Here we build an intuition about the relationship between the slope of the nearest neighbor line and the correlation coefficient.

Using the Heights Example¶

In [18]:
## Load the family height data
families = Table.read_table('family_heights.csv')
parent_avgs = (families.column('father') + families.column('mother'))/2
heights = Table().with_columns(
    'Parent Average', parent_avgs,
    'Child', families.column('child'),
).sort("Parent Average")

Here is a slightly more robust Nearest Neighbor predictor

In [19]:
def nn_heights(parent_average, window=0.5):
    lower_bound = parent_average - window
    upper_bound = parent_average + window
    similar_child_heights = (
        heights
            .where("Parent Average", are.between(lower_bound, upper_bound))
            .column("Child")
    )
    if len(similar_child_heights) == 0: #handle the case when there is no data
        return np.nan # nan = not a number , a special floating point "number"
    else:
        return np.mean(similar_child_heights)

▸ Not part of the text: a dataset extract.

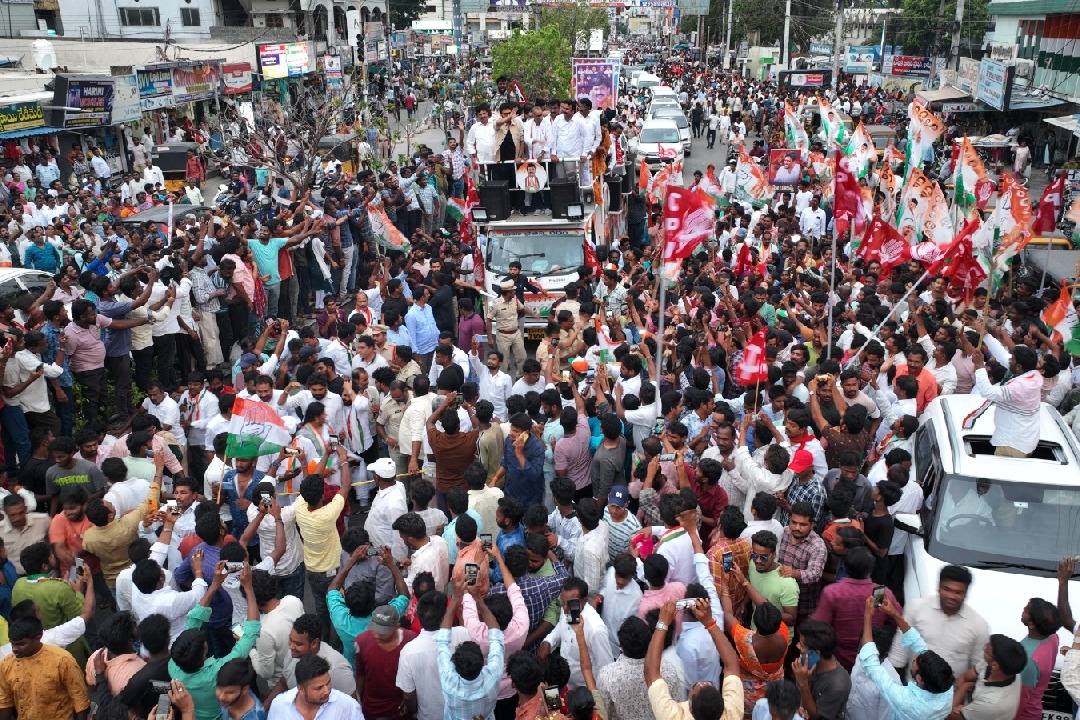 Actor Venkatesh campaigns for Congress candidate in Khammam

Make predictions at many different parent heights not just the heights in the dataset.

In [20]:
test_heights = Table().with_column("Parent Average", np.arange(61,74,0.2))
test_heights = test_heights.with_column(
    "NN Prediction", test_heights.apply(nn_heights, "Parent Average"))
In [21]:
## Plot it all
fig = px.scatter(heights.to_df(), x="Parent Average", y="Child", height=600)
fig.add_scatter(x=test_heights.column("Parent Average"), 
                y=test_heights.column("NN Prediction"), name="NN Prediction")

However, it will be easier to start in standard units.

In [22]:
## Transform the heights data into standard units
su_heights = Table().with_columns(
    "Parent Average", standard_units(heights.column("Parent Average")),
    "Child", standard_units(heights.column("Child")))

## Transform the nearest neighbor predictions to standard units
su_test_heights = Table().with_columns(
    "Parent Average", 
    (test_heights.column("Parent Average") - heights.column("Parent Average").mean()) 
                        / heights.column("Parent Average").std(),
    "NN Prediction", 
    (test_heights.column("NN Prediction") - heights.column("Child").mean()) 
                        / heights.column("Child").std()) 

## Plot it all
fig = px.scatter(su_heights.to_df(), x="Parent Average", y="Child", height=600)
fig.add_scatter(x=su_test_heights.column("Parent Average"), 
                y=su_test_heights.column("NN Prediction"), name="NN Prediction")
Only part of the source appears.